Trees of Curtis Park: Fall is time to inspect elms, plan for treatment

Fall in Sacramento is my favorite season. No more scorching heat and the fall colors are spectacular. However, fall may have already arrived for some residents with English elms that are practically leafless while the leaves on the neighbor’s deciduous tree haven’t even changed color.

The culprit causing the English elms and also Siberian elms to defoliate is the elm leaf beetle. When beetle populations are allowed to build up, the larvae feeding on the leaves cause a skeletonized appearance. Extended elm leaf beetle damage can have serious consequences for long-term elm health.
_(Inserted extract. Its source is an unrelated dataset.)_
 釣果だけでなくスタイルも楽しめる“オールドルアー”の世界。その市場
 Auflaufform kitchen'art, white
Elm leaf beetle has been a persistent pest to Sacramento’s elms for decades but was brought under control by a management program developed by UC Berkeley’s Dr. Don Dahlsten and his graduate student Andrew Lawson. Begun in 1996, their three-year study of monitoring and treatment brought this pest problem under control. The English and Siberian elms were no longer losing their leaves during the summer.

However, this successful program, which reduced pesticide use by 60%, was discontinued. Currently, residents who experience an elm leaf beetle problem with the city elm trees on their block need to contact the 311 Call Center at 311@ cityofsacramento.org to request treatment.
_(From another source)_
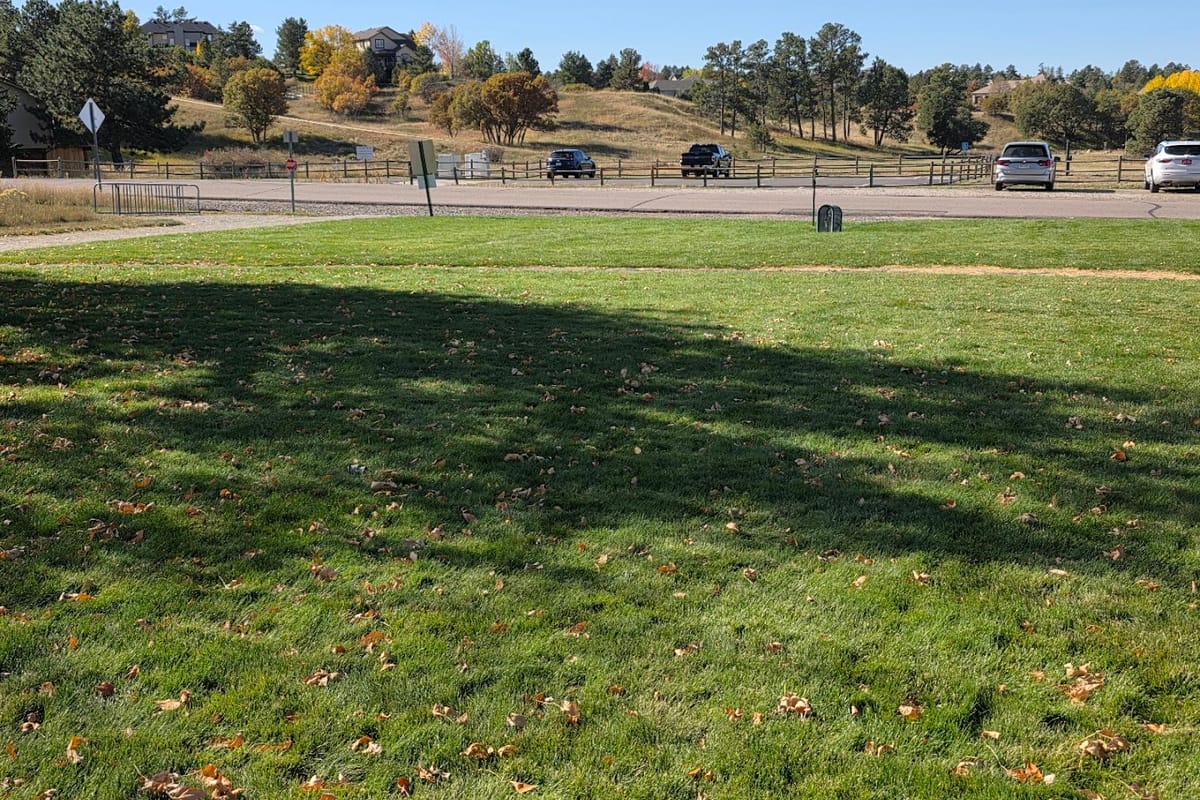 Lakeshore Park exterior entrance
Now is the time to inspect elms and make the request because treatment needs to take place in January and February. A pesticide is applied to the soil, which is taken up by the tree to provide control throughout the summer. The city’s Urban Forestry section will treat elm trees on request.

If a city elm tree requires any pruning that cannot wait for the program pruning cycle – such as low limbs over street, sidewalk and roof or cracked/split limbs – now is the time to submit this request as well.

Best management practice is to prune elms from early November through the end of March because the elm bark beetle, which spreads Dutch elm disease through its feeding and breeding habits, is not active in winter. Pruning elms sometimes occurs during the summer due to the urgency of the request. However, it is better for all of the elms on the block to prune when the trees are dormant.